In the listing below, the answer starts at the line that has "Used 2024 Volkswagen" and stops after the line that has "Best Price UAE"; please repeat that part exactly and nothing more.

Given data.

------------

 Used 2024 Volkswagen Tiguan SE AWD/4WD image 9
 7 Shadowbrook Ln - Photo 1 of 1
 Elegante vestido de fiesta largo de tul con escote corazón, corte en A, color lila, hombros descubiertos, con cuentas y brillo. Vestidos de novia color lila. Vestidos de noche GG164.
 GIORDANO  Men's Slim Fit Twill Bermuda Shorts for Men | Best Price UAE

------------

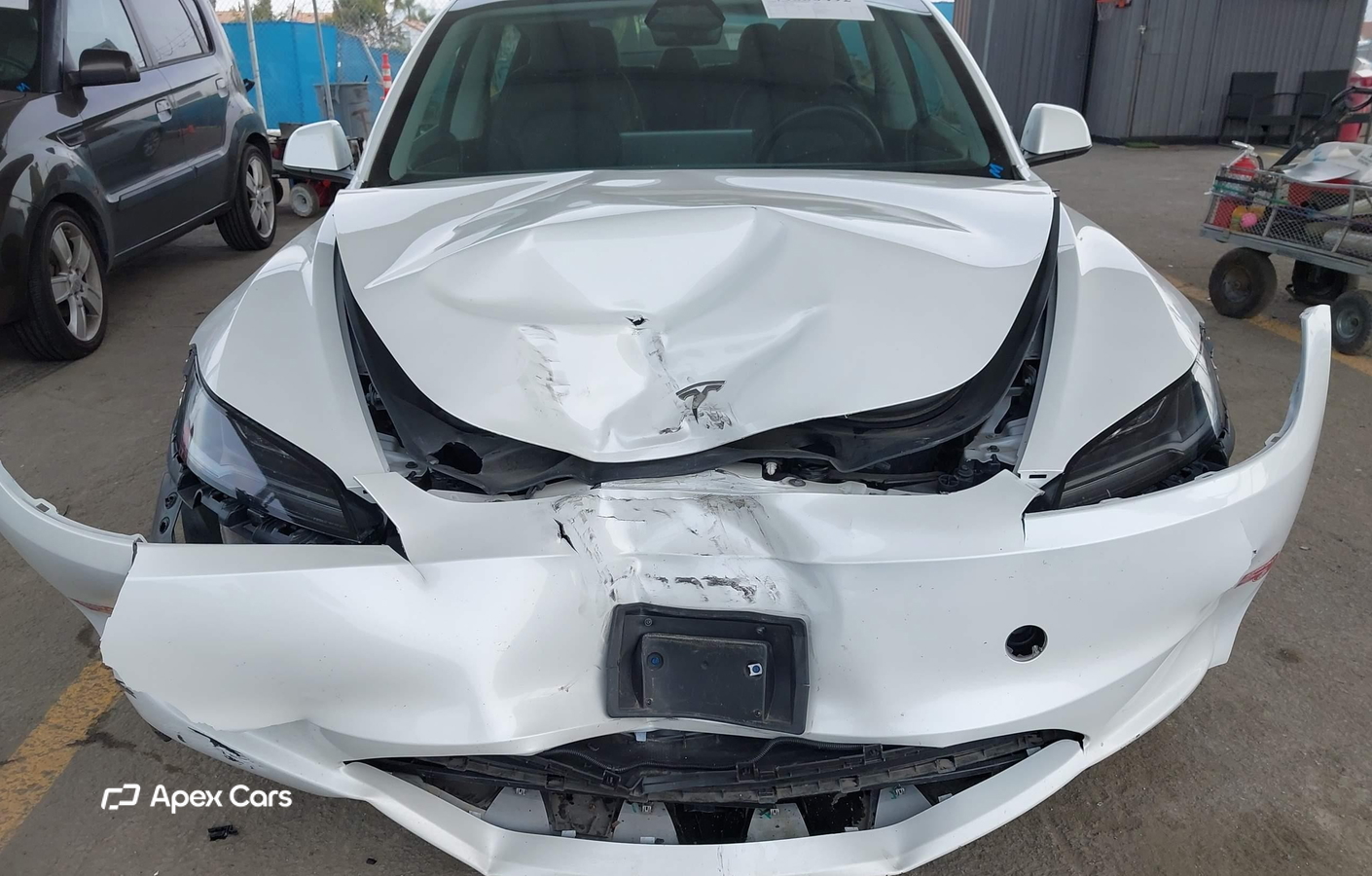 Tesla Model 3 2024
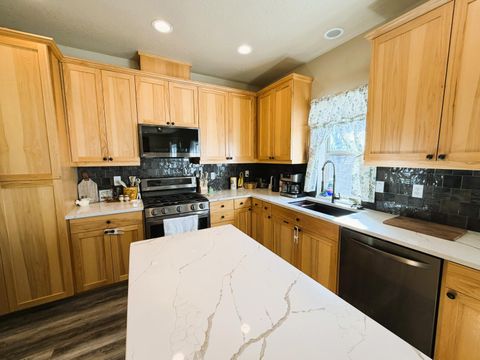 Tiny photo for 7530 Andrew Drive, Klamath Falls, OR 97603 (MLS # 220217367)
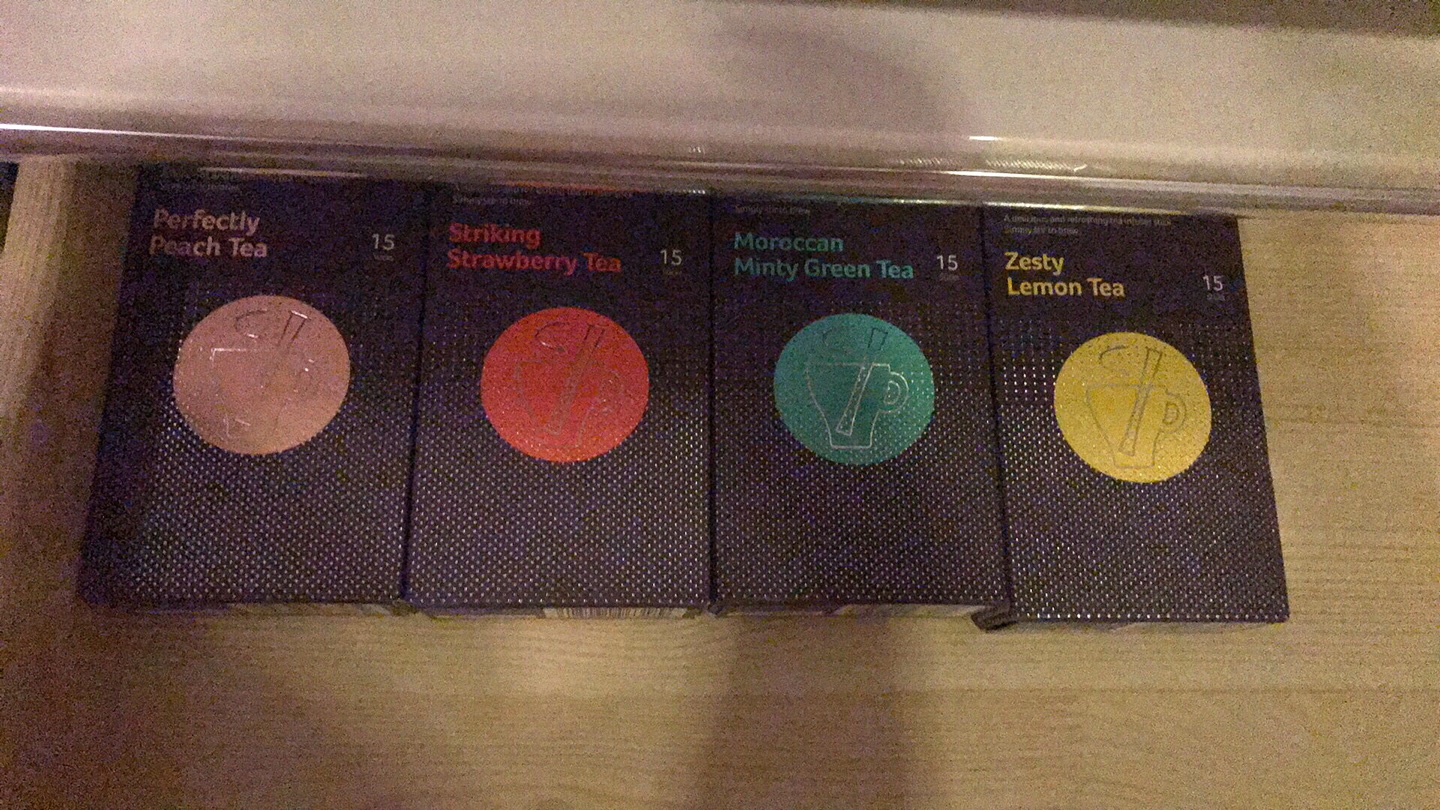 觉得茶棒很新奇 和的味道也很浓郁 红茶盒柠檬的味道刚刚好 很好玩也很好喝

------------

Answer space.
 Used 2024 Volkswagen Tiguan SE AWD/4WD image 9
 7 Shadowbrook Ln - Photo 1 of 1
 Elegante vestido de fiesta largo de tul con escote corazón, corte en A, color lila, hombros descubiertos, con cuentas y brillo. Vestidos de novia color lila. Vestidos de noche GG164.
 GIORDANO  Men's Slim Fit Twill Bermuda Shorts for Men | Best Price UAE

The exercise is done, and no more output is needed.